As a country, Kyrgyzstan joined the United Nations and the Organization for Security and Co-operation in Europe (OSCE) in 1991, and this was as a result of the move by the then elected President, Askar Akayev who ran unopposed and was elected the President of the newly independent Republic by direct ballot.

Also, the country was in the past ravaged with various political unrest from the popular uprising which was known as Tulip Revolution which saw the forced resignation of Akayev and the emergence of the new government which was formed by the opposition party whose president was President Kurmanbek Bakiyev.

Culture and Development

As a country, the formation of Krygzystan was influenced mainly by the Turkic tribes that migrated in the early middle ages from the territory of Altay and East Turkestan. Despite having many tribes, the dominant group/tribe in the country is the Kyrgyz who made up of a large part of the country.

Kyrgyzstan, like many of its neighbors, voted against independence when the Soviet Union collapsed. With no history as an independent nation, they have struggled with the loss of centralized government control. The people of Kyrgyzstan are, however, meeting these challenges, and Kyrgyzstan is held up as the most democratic and market-oriented country in Central Asia.

Furthermore, it was reported that the typical dishes in the country is Lagman (hand-rolled noodles in a broth of meat and vegetable), manti (dumplings filled with either onion and meat or pumpkin), plov (rice filed with carrot and topped with vegetables in spicy broth and pieces of congealed corn starch), Samsa (meat or pumpkin-filled pastries), and fried meat and potatoes. Most meat is mutton, although beef, chicken, turkey, and goat are also eaten. Kyrgyz people don’t eat pork, but Russians do. Fish is either canned or dried. Lagman and manti are the everyday foods of the north, while plov is the staple of the south.

Most people eat four or five times a day, but only one large meal. The rest are small, mostly consisting of tea, bread, snacks, and condiments. These include vareynya (jam), kaimak, (similar to clotted cream), Sara-Mai (a form of butter), and various salads.

Kyrgyz cafes, chaikanas, and ashkanas usually will have six or seven dishes, as well as two or three side dishes on the menu. Many places also will serve shashlik, which is marinated mutton grilled on a skewer. It is common for only a few of the menu items to be available on any given day. Drink options are limited to tea, soda, and mineral water.

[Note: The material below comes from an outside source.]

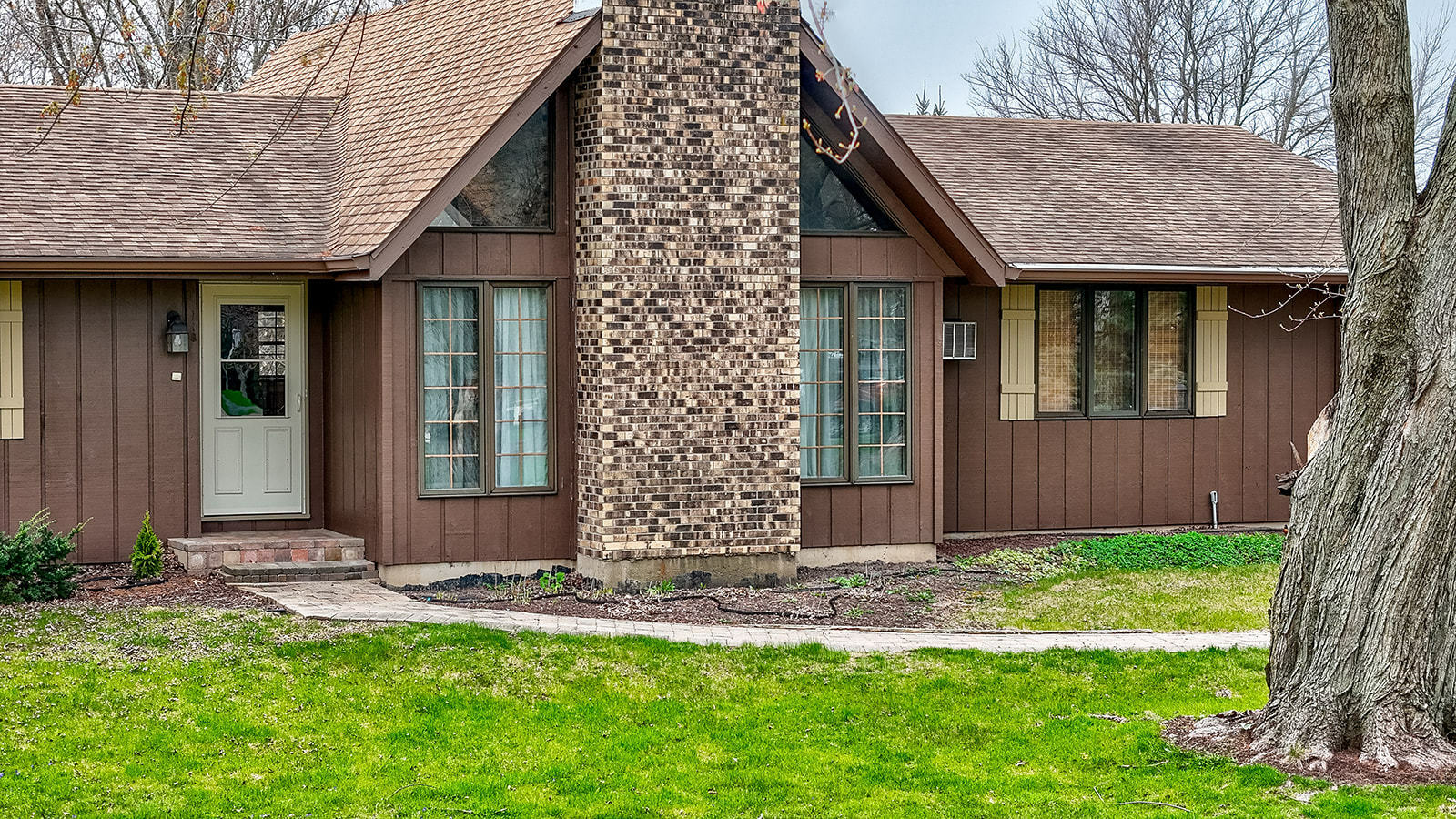 Property Photo: 118 Leisure Lane IL 60543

Patrons are expected to order as a group, and all eat the same entrée while ristora (restaurants) usually have more varied European and Russian dishes.

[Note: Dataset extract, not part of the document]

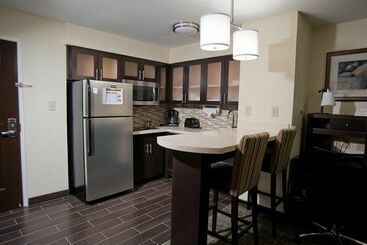 هتل Staybridge Suites Houston Nw  Willowbrook, An Ihg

As such, the dominant culture and development of the Kyrgyz is deeply rooted in their history with the Soviet Union and most importantly, with the history of the people of the country being a nomad from the starts of the creation of the country.

ICT and Development

According to the 2016 ICT Development Index, the percentage of people using the internet in Kyrgyzstan is 30.25 with an active mobile-broadband subscription per 100 inhabitants at 30.98 with the percentage of households that have access to a computer is merely 19.51% and internet access in these homes is 16.50.

The ranking by the report shows some improvement in the country ICT penetration as the country moves from the rank of 108 in 2015 to 113 in 2016, which is not too significant. But, despite the improved ranking of the ICT Development Index, the Freedom of the Net 2016 report claimed the country internet penetration only increased to 30% of the total population.

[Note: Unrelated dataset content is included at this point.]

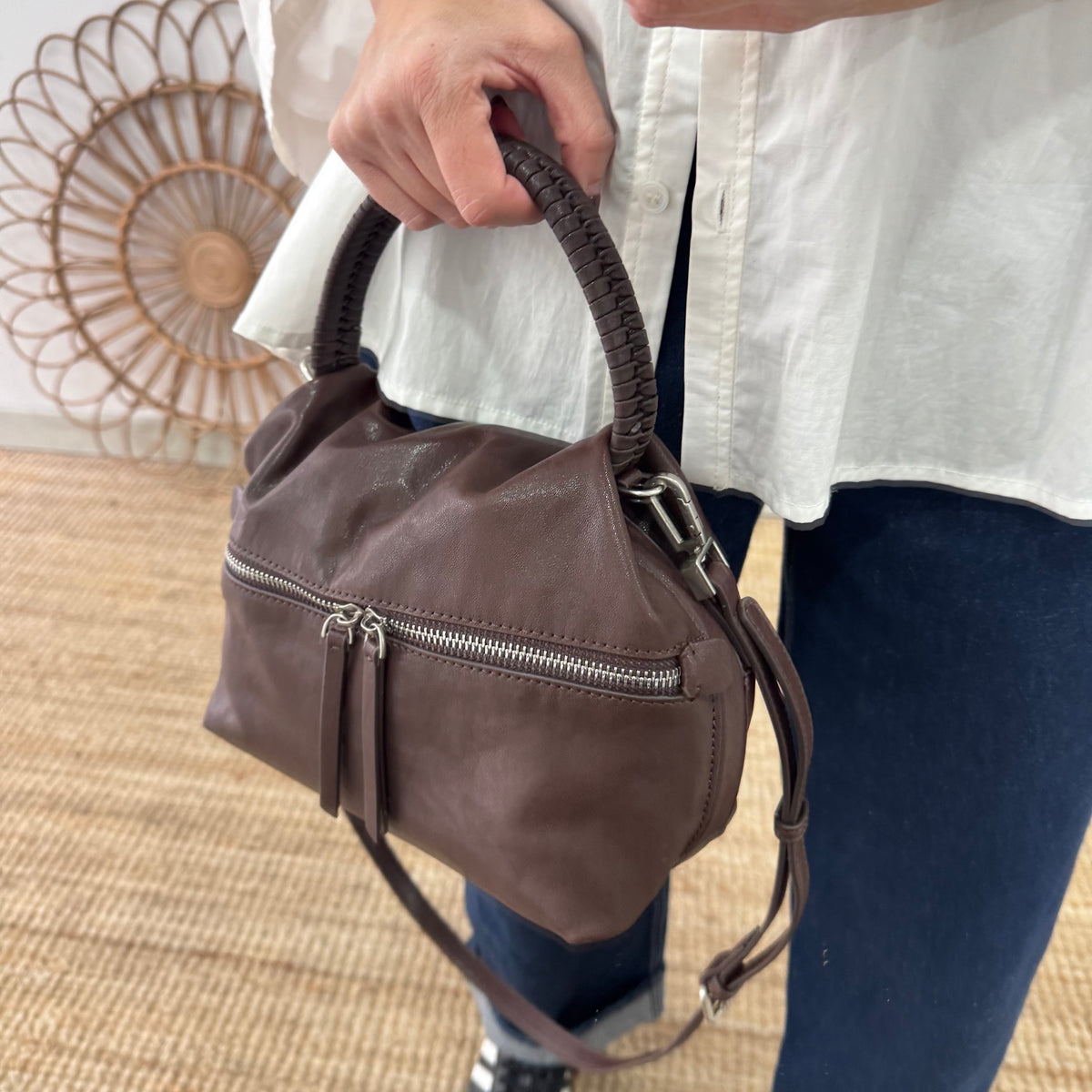 Bolso bombonera asa fruncida marrón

The increasing internet penetration in Kyrgyzstan should have been a blessing, but the freedom on the net report says otherwise as the overall score of internet freedom in the country was at 35 out of 100 which is well proven as the telephone conversation between opponents of the government was leaked online thereby sparking speculation that the government is misusing its surveillance power.  While the country internet regulator did not block access to any social media application nor did they block any content on the internet, Bloggers and ICT users are reported to have been on the watch of the government as they were arrested for opposing the government with their use of the internet.

KyrgyzTelecom which is a state-owned telecommunication company controls the majority of the internet access with a market share of 60 percent which led to its monopoly of operation with a reduced internet penetration. Although it was reported that the country bandwidth was upgraded to 4G and the telecommunication companies introduced unlimited internet plan, sadly this further increase the digital divide in the country as the majority of internet access was concentrated to the urban areas in the country. As ICT is still in its infancy in Kyrgyzstan, entrepreneurship in the country is focused in the city that has access to the internet, and most of the startups are focused on service-oriented businesses leaving the remote part of the country to deal in agriculture.

Human Right and Development

Due to the past ethnic unrest in the country, the majority of the human right abuse was as a result of racial tensions in the south of Kyrgyz. Denial of due process, lack of accountabilities in judiciary and law enforcement proceedings, use of arbitrary arrest by the law enforcement officials, mistreatment, torture and extortion against the Uzbeks are the most popular sources of human right abuse in the country.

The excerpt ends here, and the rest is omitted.